As the Grow New Jersey and Economic Redevelopment & Growth tax incentives are set to expire, the Economic Development Authority and Gov. Phil Murphy are bracing for a lapse in the broad-based programs the state can use.
How long that lapse will last remains unknown, but the administration is preparing for it. In addition, it is open to negotiating some of the finer details of the governor’s new incentive proposals.
EDA CEO Tim Sullivan and Murphy spokesman Darryl Isherwood told ROI-NJ the administration is willing to deal with a lapse in the incentives rather than push for an extension of the current programs.

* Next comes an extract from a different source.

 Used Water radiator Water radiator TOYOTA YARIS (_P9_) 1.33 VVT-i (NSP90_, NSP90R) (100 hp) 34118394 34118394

The Legislature is voting Thursday to extend the programs by at least one year.
But, even though the programs expire June 30, Sullivan said the applications that are received up to that date will still be processed after the expiration. So, the state could be approving awards after the programs expire.
Here are some other details about the existing programs, as well as the governor’s proposals to replace the existing programs.

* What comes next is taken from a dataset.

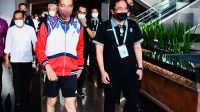 PRESIDEN Jokowi ikut bermain bulu tangkis di Nusa Dua di sela-sela kunjungannya ke Bali. Foto: ist PRESIDEN Jokowi ikut bermain bulu tangkis di Nusa Dua di sela-sela kunjungannya ke Bali. Foto: ist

ROI-NJ: What are your thoughts on the pushback from the business community on capping incentives? The governor’s proposal includes caps of $200 million annually on some of the incentives.
Tim Sullivan: I’m candidly a little surprised on the pushback on the notion of caps. A cap is just another word for a budget. Having caps in place, assuming we set a cap at a level that is reasonable and appropriate, I don’t see that is an inhibitor. The governor’s proposals for the caps are based on data; we did a pretty rigorous analysis.

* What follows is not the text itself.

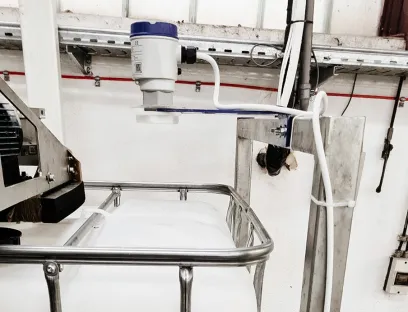 Füllstand des IBCs wird vollständig berührungslos von außen über die Sensoren erfasst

One of the things that makes New Jersey’s current program as expensive as it is or as generous as it is, is it’s a 10-year award. The governor’s program would make it a five-year award, which is more in line with how companies are thinking about their future.
ROI: Is he willing to budge on the cap idea?
Darryl Isherwood: This was just incorporated in the initial proposal from the governor. There was a lot of talking about caps, but nobody came back (with a different number). There was never any negotiation on it. It was just, ‘No, can’t have a cap.’ That number just sort of stuck there. Yes, it was thrown out there, and, yes, there was research behind it, but no one ever attempted to negotiate it.
ROI: What is the downside to an uncapped system?
TS: A lot of companies, and they wouldn’t put their names to this to say this is what they are doing, particularly out of state companies, will call us up and go through our application process as part of their strategy of getting incentives in their own state. Having a capped program in place where we are getting to the companies later in the process — meaning we wouldn’t have a portion of the cap allocated to them until they are much closer to making a decision — will remove the uncertainty factor.
It’s worth noting that the notion of a cap is not foreign to New Jersey. The film tax credit has a cap on it, the angel investor tax credit has a cap on it, the net operating loss program has a cap on it. The film tax credit cap, we won’t go through that this year, angel and NOL year-to-year changes.
ROI: What have you seen in terms of the applications the EDA has approved under the new administration compared to the previous one?
TS: If you look at calendar year 2018, which was the first year that the governor was governor, the EDA approved approximately $400 million awards for Grow and ERG. If you look at the peak years of the program, which were calendar years 2015 and 2016, it was well north of $1 billion. So that number has already come down without caps.
We are certainly taking a harder look and making sure we understand them fully and dig down in the numbers and verify. That has had an impact. It’s just, generally, the economy is in a better place and makes the incentives conversation a little less relevant.